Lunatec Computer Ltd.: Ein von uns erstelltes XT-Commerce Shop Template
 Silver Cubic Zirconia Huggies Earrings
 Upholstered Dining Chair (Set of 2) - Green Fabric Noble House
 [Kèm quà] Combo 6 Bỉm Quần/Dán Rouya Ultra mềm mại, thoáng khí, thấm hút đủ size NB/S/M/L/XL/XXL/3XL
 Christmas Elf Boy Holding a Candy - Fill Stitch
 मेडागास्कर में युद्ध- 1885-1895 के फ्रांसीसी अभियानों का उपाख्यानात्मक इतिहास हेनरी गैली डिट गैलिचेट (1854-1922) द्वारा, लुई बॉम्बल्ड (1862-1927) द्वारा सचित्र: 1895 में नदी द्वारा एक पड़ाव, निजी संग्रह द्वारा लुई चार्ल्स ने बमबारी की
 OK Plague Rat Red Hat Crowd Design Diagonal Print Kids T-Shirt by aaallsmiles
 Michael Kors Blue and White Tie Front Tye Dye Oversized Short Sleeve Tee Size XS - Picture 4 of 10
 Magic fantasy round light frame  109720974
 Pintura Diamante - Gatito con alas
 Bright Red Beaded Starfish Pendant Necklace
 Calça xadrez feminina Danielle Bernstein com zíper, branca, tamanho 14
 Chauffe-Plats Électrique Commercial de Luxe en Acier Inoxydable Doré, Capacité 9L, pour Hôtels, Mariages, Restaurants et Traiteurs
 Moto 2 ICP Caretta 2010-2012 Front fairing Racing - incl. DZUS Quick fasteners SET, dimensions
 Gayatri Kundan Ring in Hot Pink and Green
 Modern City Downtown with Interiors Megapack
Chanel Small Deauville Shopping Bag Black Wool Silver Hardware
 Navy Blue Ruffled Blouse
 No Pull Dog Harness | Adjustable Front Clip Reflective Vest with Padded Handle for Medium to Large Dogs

[GOAL OF THE EXERCISE]:
Restate word for word the entries above from the line with "मेडागास्कर में युद्ध- 1885-1895" through the line with "Chauffe-Plats Électrique Commercial", inclusive, leaving out everything else.

[TASK ANSWER]:
 मेडागास्कर में युद्ध- 1885-1895 के फ्रांसीसी अभियानों का उपाख्यानात्मक इतिहास हेनरी गैली डिट गैलिचेट (1854-1922) द्वारा, लुई बॉम्बल्ड (1862-1927) द्वारा सचित्र: 1895 में नदी द्वारा एक पड़ाव, निजी संग्रह द्वारा लुई चार्ल्स ने बमबारी की
 OK Plague Rat Red Hat Crowd Design Diagonal Print Kids T-Shirt by aaallsmiles
 Michael Kors Blue and White Tie Front Tye Dye Oversized Short Sleeve Tee Size XS - Picture 4 of 10
 Magic fantasy round light frame  109720974
 Pintura Diamante - Gatito con alas
 Bright Red Beaded Starfish Pendant Necklace
 Calça xadrez feminina Danielle Bernstein com zíper, branca, tamanho 14
 Chauffe-Plats Électrique Commercial de Luxe en Acier Inoxydable Doré, Capacité 9L, pour Hôtels, Mariages, Restaurants et Traiteurs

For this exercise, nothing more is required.